1493-longest-subarray-of-1s-after-deleting-one-element.md

💡 Intuition

Given a binary array, we are to delete one element and then find the longest non-empty subarray that only contains 1's. My initial idea to solve this problem is to use the sliding window technique.

https://youtu.be/zqZ1vQg1WDM

🧠 Approach

My approach is to iterate over the array and keep a count of the zeros in our current window. If the count of zeros goes above 1, we move the left boundary of the window forward until we have at most one zero in our window. At each step, we also keep track of the maximum length of the window, which will ultimately give us the longest subarray of 1's after deleting one element.

⏲️ Complexity

• Time complexity: The time complexity of the algorithm is O(n) where n is the length of the input array. This is because we traverse the array once.

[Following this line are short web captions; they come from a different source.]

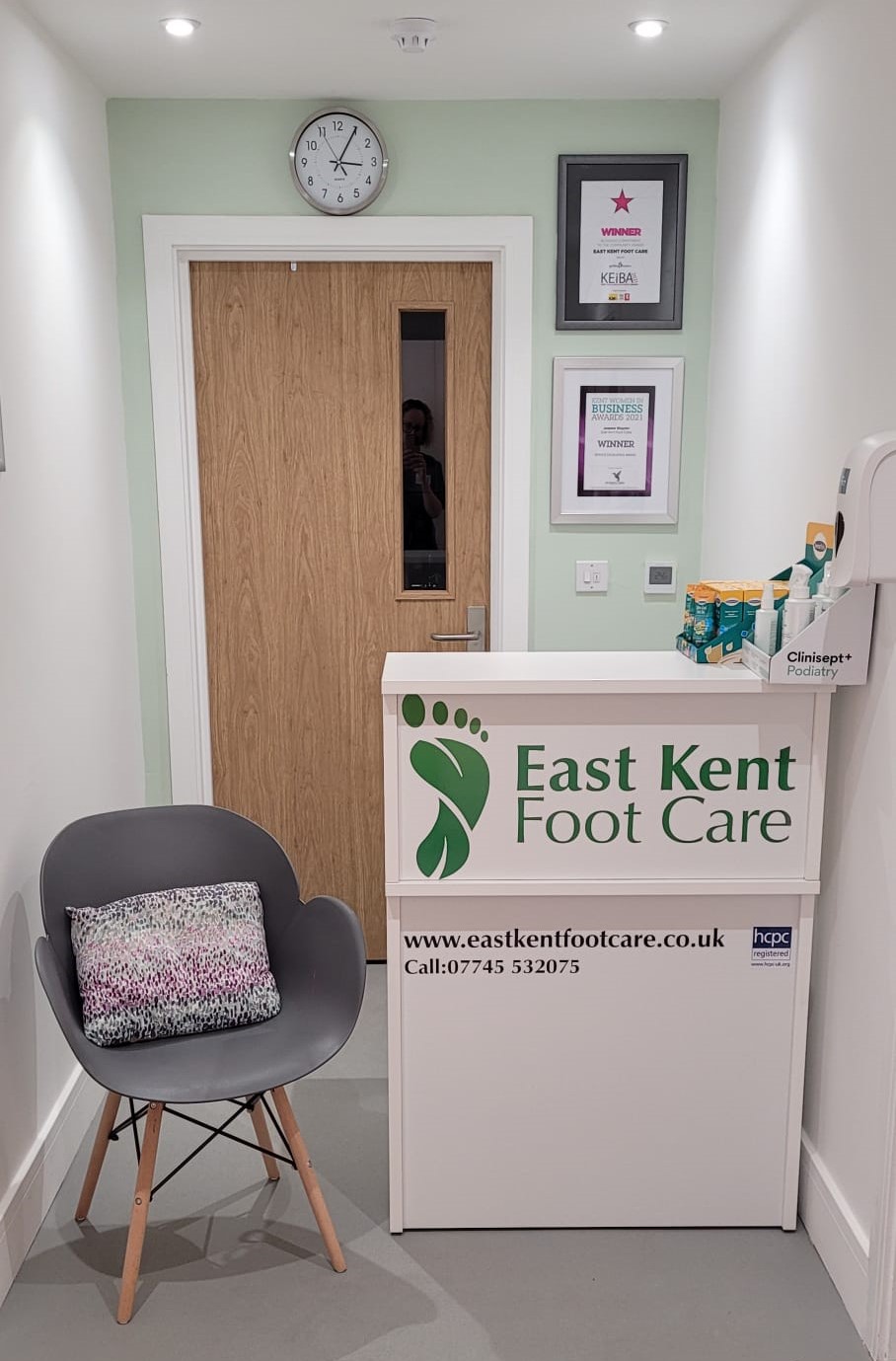 East Kent Foot Care Reception Evegate Clinic Ashford
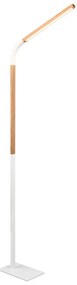 LED stojacia lampa v bielej a prírodnej farbe s dreveným tienidlom (výška 169,5 cm) Norris – Trio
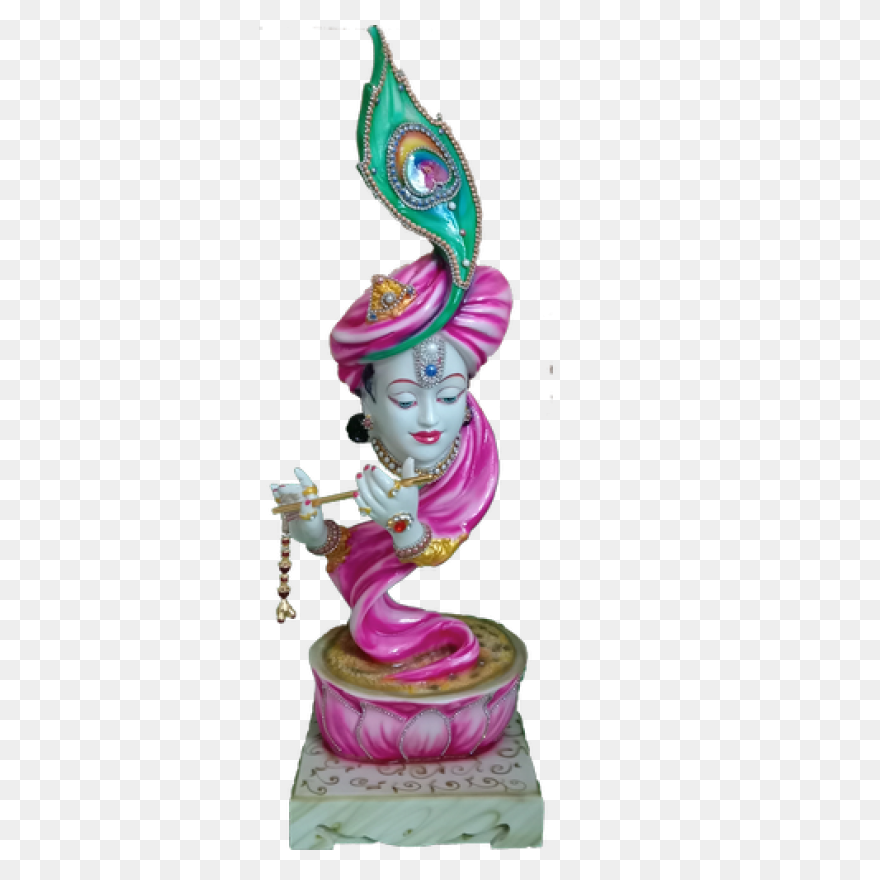 Colourful Marble Dust Pink Green - Shri Krishna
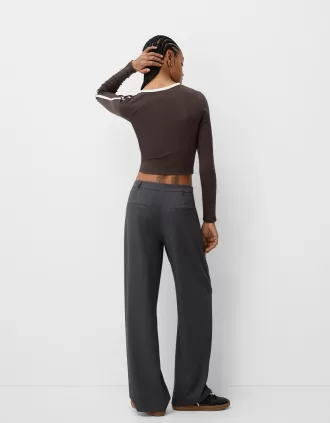 T-shirt a manica lunga con stampa e rifiniture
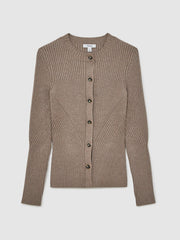 Button Front Knit Cardigan Stone | Womens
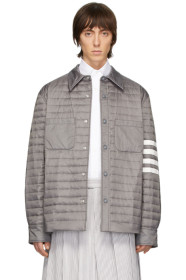 Thom Browne - Blouson matelassé en duvet gris 4-Bar Shirt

• Space complexity: The space complexity of the algorithm is O(1) because we are not using any additional data structures whose size depends on the input.

📝 Code

class Solution:
    def longestSubarray(self, nums: List[int]) -> int:
        left, count_zeros, max_length = 0, 0, 0
        for right in range(len(nums)):
            if nums[right] == 0:
                count_zeros += 1
            while count_zeros > 1:
                if nums[left] == 0:
                    count_zeros -= 1
                left += 1
            max_length = max(max_length, right-left)
        return max_length

public class Solution {
    public int LongestSubarray(int[] nums) {
        int left = 0, count_zeros = 0, max_length = 0;
        for (int right = 0; right < nums.Length; ++right) {
            if (nums[right] == 0) {
                ++count_zeros;
            }
            while (count_zeros > 1) {
                if (nums[left] == 0) {
                    --count_zeros;
                }
                ++left;
            }
            max_length = Math.Max(max_length, right - left);
        }
        return max_length;
    }
}

/**
 * @param {number[]} nums
 * @return {number}
 */
var longestSubarray = function(nums) {
    let left = 0, count_zeros = 0, max_length = 0;
    for (let right = 0; right < nums.length; ++right) {
        if (nums[right] == 0) {
            ++count_zeros;
        }
        while (count_zeros > 1) {
            if (nums[left] == 0) {
                --count_zeros;
            }
            ++left;
        }
        max_length = Math.max(max_length, right - left);
    }
    return max_length;
};

public class Solution {
    public int longestSubarray(int[] nums) {
        int left = 0, count_zeros = 0, max_length = 0;
        for (int right = 0; right < nums.length; ++right) {
            if (nums[right] == 0) {
                ++count_zeros;
            }
            while (count_zeros > 1) {
                if (nums[left] == 0) {
                    --count_zeros;
                }
                ++left;
            }
            max_length = Math.max(max_length, right - left);
        }
        return max_length;
    }
}

class Solution {
public:
    int longestSubarray(vector<int>& nums) {
        int left = 0, count_zeros = 0, max_length = 0;
        for (int right = 0; right < nums.size(); ++right) {
            if (nums[right] == 0) {
                ++count_zeros;
            }
            while (count_zeros > 1) {
                if (nums[left] == 0) {
                    --count_zeros;
                }
                ++left;
            }
            max_length = max(max_length, right - left);
        }
        return max_length;
    }
};